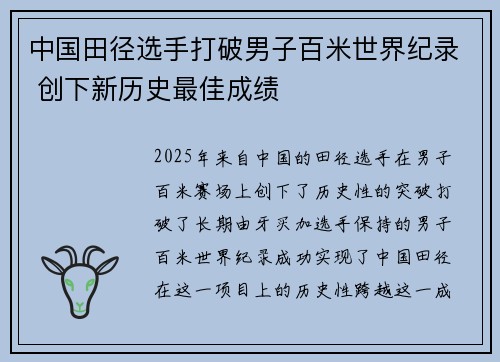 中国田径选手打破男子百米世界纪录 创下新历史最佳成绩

---

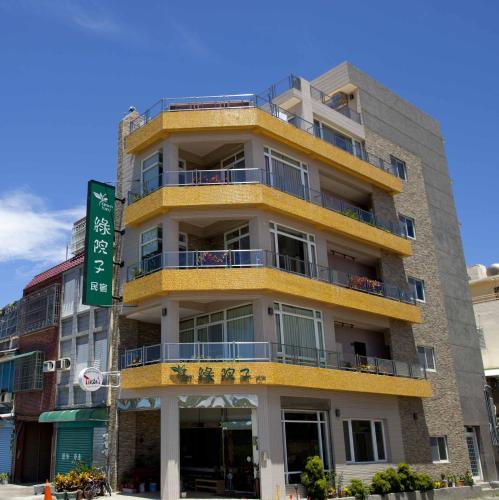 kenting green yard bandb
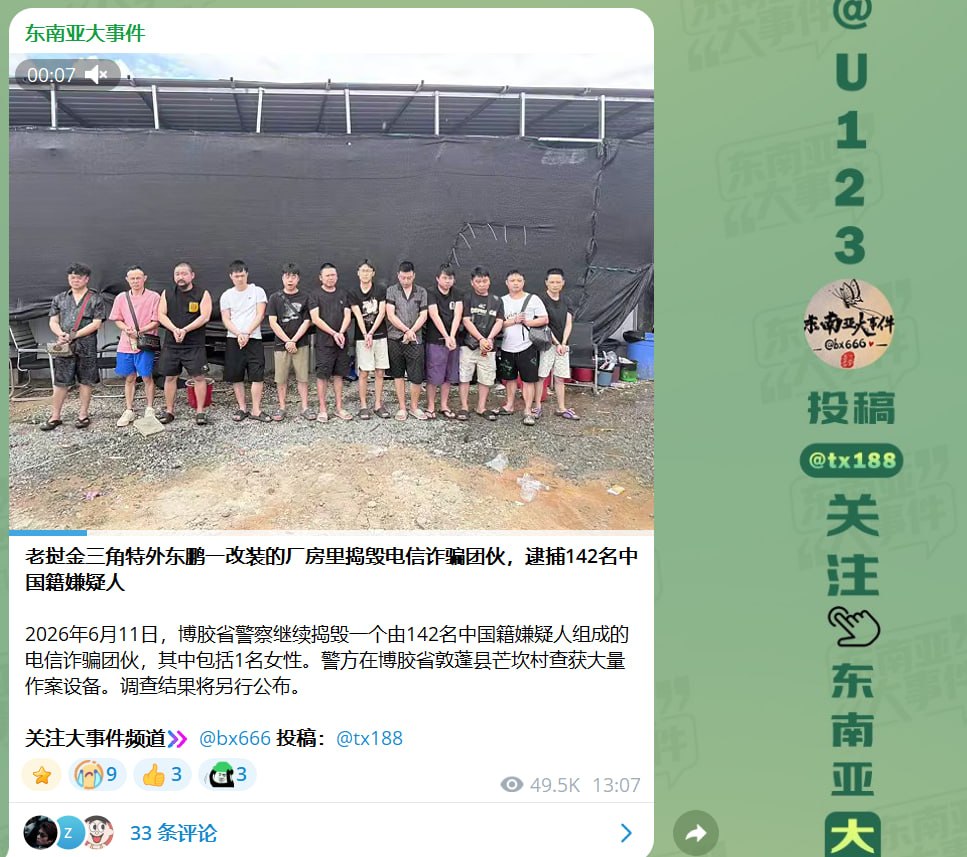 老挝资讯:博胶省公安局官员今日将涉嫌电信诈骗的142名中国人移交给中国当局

Work to complete.
Restate the lines above from the one containing "kenting green yard bandb" through the one containing "老挝资讯:博胶省公安局官员今日将涉嫌电信诈骗的142名中国人移交给中国当局", inclusive, exactly and without pictures.

Task output.
 kenting green yard bandb
 老挝资讯:博胶省公安局官员今日将涉嫌电信诈骗的142名中国人移交给中国当局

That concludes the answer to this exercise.